En resumen: autoridades, politólogos, el público en general, deje de subestimar la inteligencia del electorado. Manipularlo o desdeñar su proceder atenta contra su capacidad elemental de raciocinio y de decisión. Hoy el electorado mexicano le ha dado una lección a todos los mencionados.

¡Vaya cauda de lecciones aprendidas el 1 de julio! una jornada de resultados insondables, que confirmo la encuestas previas y las avaló como idóneos instrumentos de sondeo y no como se intentó mostrarlas: minimizándolas porque no favorecían al PRI.

No es momento de andarse con zalamerías ni caballerosidades. Exprésese lo conducente llamando a las cosas por su nombre: José Antonio Meade decepcionó a miles al prestarse al jueguito de ser la botarga del PRI. Sí, su salida pronta a reconocer su derrota solo ahorró irnos a una guerra civil.

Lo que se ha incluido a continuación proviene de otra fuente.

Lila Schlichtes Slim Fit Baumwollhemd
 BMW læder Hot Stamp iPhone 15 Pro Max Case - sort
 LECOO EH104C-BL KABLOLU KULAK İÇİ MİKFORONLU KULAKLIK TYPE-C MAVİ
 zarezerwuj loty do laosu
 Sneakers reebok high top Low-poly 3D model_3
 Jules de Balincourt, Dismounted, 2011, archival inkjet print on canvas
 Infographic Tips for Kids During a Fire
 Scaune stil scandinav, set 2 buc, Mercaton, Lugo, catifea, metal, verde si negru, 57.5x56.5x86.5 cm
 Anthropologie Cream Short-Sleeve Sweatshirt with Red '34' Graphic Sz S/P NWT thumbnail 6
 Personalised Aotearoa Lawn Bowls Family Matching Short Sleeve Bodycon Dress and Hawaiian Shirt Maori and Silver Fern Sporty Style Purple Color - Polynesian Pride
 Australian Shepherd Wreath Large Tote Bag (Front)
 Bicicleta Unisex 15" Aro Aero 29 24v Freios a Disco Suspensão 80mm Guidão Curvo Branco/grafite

Aún desconocemos los detalles del jaloneo que supuso hacerlo.

Una pena que un político de tan bajo perfil, de sombra, se prestara a jugarle al improvisado y nada preparado candidato que no era –vamos, porque las candidaturas se construyen y no con base en estructura solamente– y a forzarlo a jugar un rol peripatético insultando candidatos como carretonero, cual rompebroqueles, cual desangelado gamberro que dice zarandajas un día sí y otro también, mancillando, aún más de ser posible, las siglas del PRI. Menudo papelón ha hecho.

Y ha hecho bien en salirse por la puerta trasera, en el más absoluto de los ridículos, con el 22 % de las intenciones de voto y la más baja en la historia del priismo. Su justa dimensión, su justa manera de pasar a la Historia. Un partido que carecía de candidato ante puro miembro impresentable, mejor no hubiera contendido. Total, para el papelón que hizo en las urnas equivalente al que hizo el sexenio Peña Nieto, merecía mejor no haberse expuesto de esa manera. Venga pues la irresponsabilidad de Ochoa Reza y de Juárez.

Los electores han respondido dignamente. Han propinado un batacazo merecidísimo al priismo, como no se había visto. Han entregado a Morena la dirección del país y sí, por un voto razonado contra el PRI, bien ganado, sí; porque no es la opción que ha gobernado desde la Presidencia todavía, y sí, porque poco queda por perder y sí, porque hay una desesperanza y un hartazgo absoluto y medible hoy en las urnas, contra el PRI.

Se puede expresar más alto, pero no más claro.

Y no hay visos de enmendar en el derrotado PRI. Pese a tan apabullante derrota, el martes 3 de julio los senadores priistas electos sobrevivientes a esa debacle, han hablado de que su derrota es por la percepción de corrupción hacia su partido. ¿Percepción? Se necesita mucha cara para decirlo así, No, percepción no, realidades e impunidad solapada desde la camarilla del Ejecutivo. Con esa soberbia y petulancia que se sintió dueña de México y se ha llevado el descalabro en las urnas. Cuánto daño hicieron al PRI los Duartes solapados y peor no menos que los Videgaray y los Nuño. La ruina del PRI se agradece a ellos, pero no solo a ellos. Un priismo irredento e incapaz de renovarse ahora desde del sótano de la democracia, a ver si saca algo interesante.

Y estamos advertidos: el PRI ni supo renovarse ni comportarse como opositor entre 2000 y 2012, lo que explica porqué regresaron los mismos con sus mismas prácticas deleznables, impresentables en su percha, corregidos y aumentados en 2012. Ahora los echan de la presidencia otra vez. La tienen muy complicada, porque ahora no controlan nada. Y con los mismos que hoy que se echan a punta de votos, regresará y si lo consigue, y dudosamente Peña Nieto será el gran elector que decían que terminaría siendo en el futuro. De nuevo por desestimar a los votantes.

En adelante, con el mínimo de gubernaturas, y representaciones legislativas, difícilmente contribuirán a la Patria. Morena les comió el mandado y desconocemos si su odio sea o no menor hacia el PRI y el PAN, que el recibido por ellos hacia ella. ¿Qué llega el viejo PRI con ella? Va, recordemos que el nuevo PRI de siempre, este derrotado en 2018, no es ni demostró ser mejor que el viejo PRI. Los millones de pesos robados, avalan este dicho. Siendo así de claras la cosas, el PRI carece de la más absoluta estatura moral para señalar la corrupción de nadie, y los electores se lo acaban de cobrar y de recordar a un partido derrotado, echándolo.